Em seu conceito, o oceano era assustador. Uma imensidão azul cuja profundidade era incapaz de ser medida, que escondia desde tesouros perdidos há séculos em naufrágios a animais monstruosos. Como poderia não ter medo?

Sacudiu a cabeça. Já estava ali e ficar sentada esperando não faria Sehun chegar mais rápido. Resolveu dar uma volta pela praia, quem sabe aquilo faria o tempo passar mais depressa. Calçou as sandálias calmamente e saiu sem levar nada além do cartão do quarto no bolso da calça jeans.

Em menos de dez minutos estava parada à beira do mar. O hotel era próximo à uma das áreas menos movimentadas da praia, por se tratar de um local residencial. Ali não haviam quiosques ou restaurantes, muito menos multidão de turistas. Poucas pessoas circulavam pela areia e Joohyun julgava que seriam nativos daquele local.

Fitou o mar por alguns segundos, antes de abaixar-se e retirar as sandálias, segurando-as em uma única mão. Aproximou-se vagarosamente da areia molhada, onde as ondas quebravam-se continuamente, e permitiu-se molhar os pés. Tarde demais, percebeu que uma parte de seu jeans também. Havia se esquecido de erguer a barra.

Ouviu um riso leve atrás de si e virou-se assustada.

Deparando-se com talvez o sorriso mais lindo que já vira em toda sua vida. E talvez o rosto também. E todo o conjunto.

O cabelo caía solto pelas laterais do rosto, emoldurando-o em uma cortina negra que fazia contraste com a pele excessivamente pálida. Os lábios cheios mantinham-se em um sorriso que não mostrava os dentes, os olhos ligeiramente fechados tanto pela luz do sol que batia direto em seu rosto quanto pelo sorriso. Vestia apenas uma camisa leve e um short talvez um pouco curto demais, deixando perfeitamente visíveis as coxas grossas e tão pálidas quanto seu rosto. Seus pés estavam descalços, delicados em meio à areia branca e fina.

Joohyun fitou seus olhos escuros, deixando-se levar pelo sorriso encantador. Queria dizer alguma coisa, qualquer coisa, mas algo parecia impedi-la.

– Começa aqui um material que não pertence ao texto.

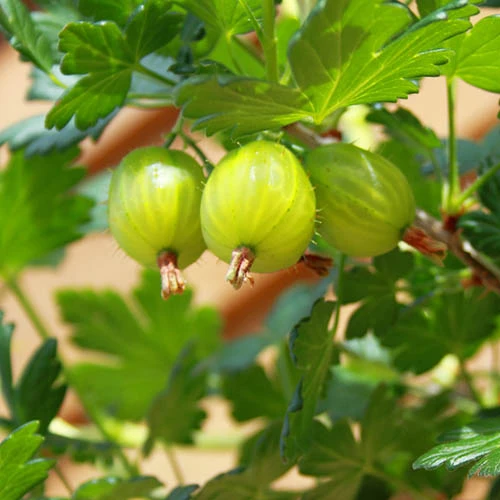 Gooseberry 'Invicta' 4 Gooseberry 'Invicta' - Image 2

Quando resolveu que falaria pelo menos um “oi”, o contato visual foi quebrado por uma sombra que pulou sem piedade em cima da garota. Então, tudo se tornou uma confusão de areia e risadas, e Joohyun acompanhou com o olhar enquanto ela se levantava e saía correndo, coberta de areia. A “sombra” nada mais era que outra garota, que levantava-se nada satisfeita, uma expressão enraivecida no rosto ligeiramente infantil.

— YAH, JOY UNNIE!

E saiu correndo atrás da garota de cabelos negros.

Joy.

Joohyun observou até perder as duas garotas de vista, e então voltou-se novamente para o mar.

As ondas quebravam-se sob seus pés, envolvendo-os de forma acolhedora. Por um momento, sentiu como se pertencesse àquele lugar.